For us, each time we start a hike, it is with the exuberance and anticipation of the very first time, but with the continuity of the years that give us the sense of kinship and connection to the trails and the people who work at PEEC that make it feel undeniably essential to our lives. What do we appreciate most? There is so much that it would be impossible to pinpoint just one thing but probably foremost is the healing that comes with being in nature – the antithesis of New York City. The moments of spaciousness and complete silence that gradually build into the orchestral sounds of birds, crickets, frogs, the wind in the leaves, and the rushing of water in the creeks and waterfalls. We relish sitting on the vista overlooking the Delaware River and the corn and soybean fields next to the McDade trail; watching the tumbling waters of the myriad waterfalls tucked in like hidden gems on all the trails; the shimmering smoothness of the ponds with their surfaces broken by a leaping frog or a turtle coming up on a log to capture some sun; getting caught by surprise in between a mama bear and her cub as we spot the little one climbing up a tree; and the quiet shadows and solitude of the Hemlock forests that are home to the little red efts and “hoppers” (frogs) that flourish in the undergrowth and come to the surface with the morning dew.
Albeit, we admit that we prefer the absence of people and often become quite territorial of “our” trails, but there are those moments too of human connection that brighten our moods and bring smiles to our hearts. There was the time we were walking on Tumbling Waters and seemingly out of nowhere, a little boy of maybe 2 years old came running up, wrapped his arms around my legs, looked up, and said, “I love you,” with his parents following close behind laughing. It reminded me that you can get exactly what you need when you need it most if you wish hard enough on the “magic” giant Hemlock trees! Then there was the joy of watching another little boy spot his very first bear and just knowing it was the moment in which nature became “cool” to him. And let me say, we are definitely not “cool” people in NYC but we sure feel “cool” in our well-worn hiking boots, traipsing along as the “Old Timers” who can tell you all about the trails if you need a little inside info on your journey.

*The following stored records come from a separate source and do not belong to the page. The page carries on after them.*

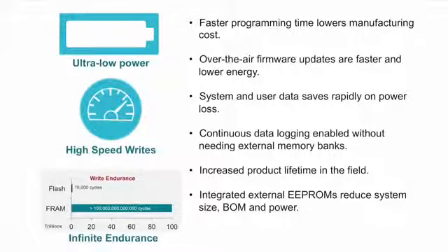Our FRAM non-volatile memory technology is unlocking the possibilities in MSP microcontrollers. With 100x faster write speeds and 250x lower energy writes, this unified memory breaks down traditional flash to RAM ratios and enables unmatched flexibility.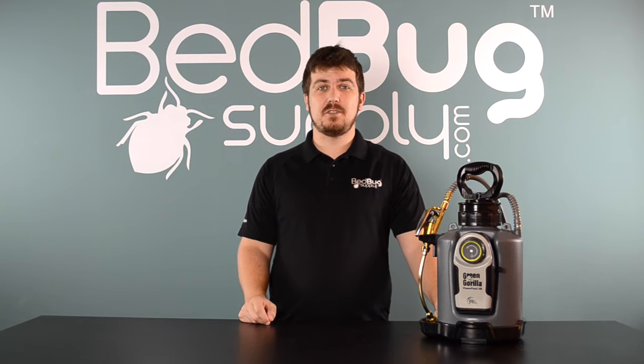To learn more about the ProLine, visit us online at bedbugsupply.com, open up a live chat there, or call us toll free seven days a week at 866-238-9868. Again, this is Josh at bedbugsupply.com.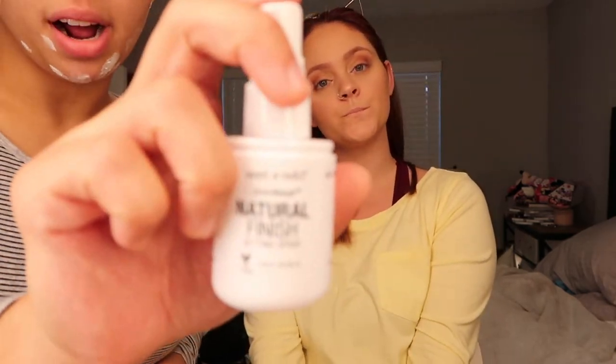The next step is eyebrows — I'm going to do them myself because she thinks she'll be doing them too dark. Jess is going to run out to get eyelashes because we totally forgot those at the store. Since that's all she has to grab, we're going to finish off with Wet and Wild Photo Focus Natural Finish setting spray. Don't sneeze — you better not get mascara everywhere!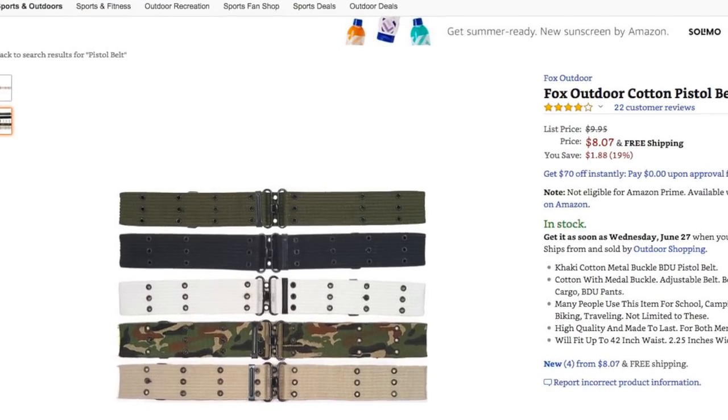Moving on to the utility belt — these canvas pistol belts are on Amazon for just $8 and are really close to the real deal. They come in a few different colors, but not the light gray as seen in Ghostbusters 1. Luckily these are cotton and take dye really well, so just get some RIT pearl gray dye, follow the instructions on the box, and it'll come out looking much more accurate. Alternatively, the belts worn in Ghostbusters 2 are khaki, so you can just order this belt and use it as-is.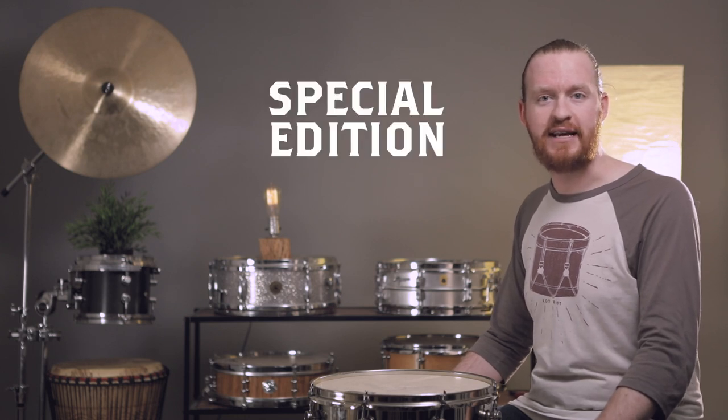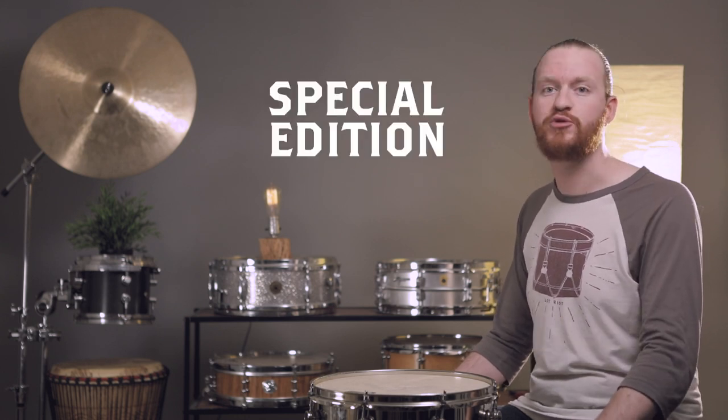Hi, I'm Ben and this is a special edition of Sounds Like a Drum. We've got something really cool in store for you today — the demo and kind of an unveiling of a prototype. This isn't on the market yet and isn't necessarily the final release, but it's a brand new drum head coming out hopefully in the very near future. The company has asked that we not refer to it by any specific name because it is still in the naming phase.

The truly “cool” people, however, are the staff at PEEC, who have welcomed, guided, educated, conserved, and kept this wonderful place alive for all of its 50 years. Starting our mornings with the warm and effusive greetings of Janine Morley and George Johnson, watching Derek Scott lead a group on his “Edible & Medicinal Plant Walk”, and sharing Jeff Rosalsky’s infectious enthusiasm for all things great and small as he champions PEEC with every breath he takes in his role as Executive Director, make us feel like honorary members ourselves of the PEEC family.
And as part of this “family,” also remembering with fondness how Glenn Simpson, as an Environmental Educator at PEEC, would always appear on the trails with a rolling tide of joy and an eagerness to converse with wisdom on many esoteric subjects while also reassuring us that the forest could restore itself even after being hit with a devastating storm. It was these lessons shared that inspired the writing of a poem (see below) that has become a bit of a mantra for me as we sit on the vista and ponder how, deep down, what PEEC gives to us the most is a place to belong – a place to call home!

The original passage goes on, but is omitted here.